Ну, что вы заладили — Бржоска, Бржоска… Будто я не знаю ему цену. Будто очень долго следует присматриваться, чтобы увидеть, что человечек это мелкий, бессовестный, завистливый. И что пыл в его нападках на Лыщинского — из соображений совсем не высоких.

И о Лыщинском тоже — что вы все начинаете, а договорить боитесь! Не надо бояться, я с вами согласен. Я знаю, что шляхтич он достойный уважения — за ум, образованность, за человечьи качества.

Однако то, что я думаю, и то, что исполняю по велению долга, — вещи разные. Как частное лицо, я, Симон Курович, могу Лыщинского и жалеть, и даже уважать. Но как инстигатор, королевский прокурор, я обязан и буду искоренять огнем и мечом безбожие!

Я выступал с обвинительной речью. Я сказал, что содеянное Лыщинским — страшнее самого страшного. Страшней, чем убийство матери, брата, собственного чада. Никакое преступление не сравнится с оскорблением бога! Если человек позволяет себе такое в мыслях, и то его надлежит казнить. Здесь же не мысль неизреченная и невидимая — слова. И слова, не оброненные в горячке или пьяной дури — слова написанные!..

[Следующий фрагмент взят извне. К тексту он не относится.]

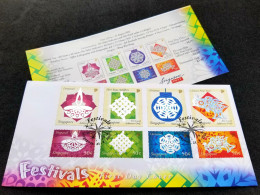 Singapore Festivals 2002 Diwali Christmas New Year Hari Raya Chinese New Year Festival (FDC) *Hologram *unusual - Singapore (1959-...)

На разных ретивых писак я гляжу порой с состраданием. Как на людей безрассудных, больных. Знают ведь хорошо, что перо загубило душ — несть им числа, что чернила не раз превращались в слезы, и что тот, кто колет пером, умирает нередко от меча, — а все равно пишут!.. Но опять-таки — то жалость Симона Куровича как персоны приватной. А в звании королевского прокурора я непримиримо требую Лыщинскому смерти. Ибо пятнадцать тетрадей его ереси — это пятнадцать выстрелов в бога. Выстрелов тем более ядовитых и подлых, что вид у них ученого трактата. И натуры неустойчивые, шаткие могут на ту ученость поддаться. Смотрите же на Лыщинского и зарубите себе на носу: все, что касается бога, можно только покорно, с благодарением чтить. Только! И никаких трактатов, никаких колебаний, никаких попыток убедиться самому — так или не так…

Иначе что же будет, если позволить каждому, кому захочется, забираться в сферу, что считается разуму недоступной? Это же безвластие начнется, бунт! Ибо если можно иметь сомнения насчет царя небесного, то земные цари, они же тогда вроде и не цари! И порядок, существующий в мире, он создан, выходит, не высшим предначертанием, а нами, людьми, — и, значит, людьми же может быть переделан! Понимаете, к чему это призыв?

Нет, Лыщинский, государству спокойней с такими, как Бржоска. О тебе же не останется и памяти. Тело твое мы сожжем, дом твой разрушим, имя твое проклянем в костелах…

Когда потрясенным существом своим постиг я, сколь глубокое оскорбление нанесено было преступником господу, то в удивлении подумал: как же бог стерпел и негодяя не поглотила преисподняя? Да потом понял: великий страстотерпец не возжелал быть сам судьей в этом позорном деле. Он передал свой гнев в наши сердца и руки, нам поручил отмщение.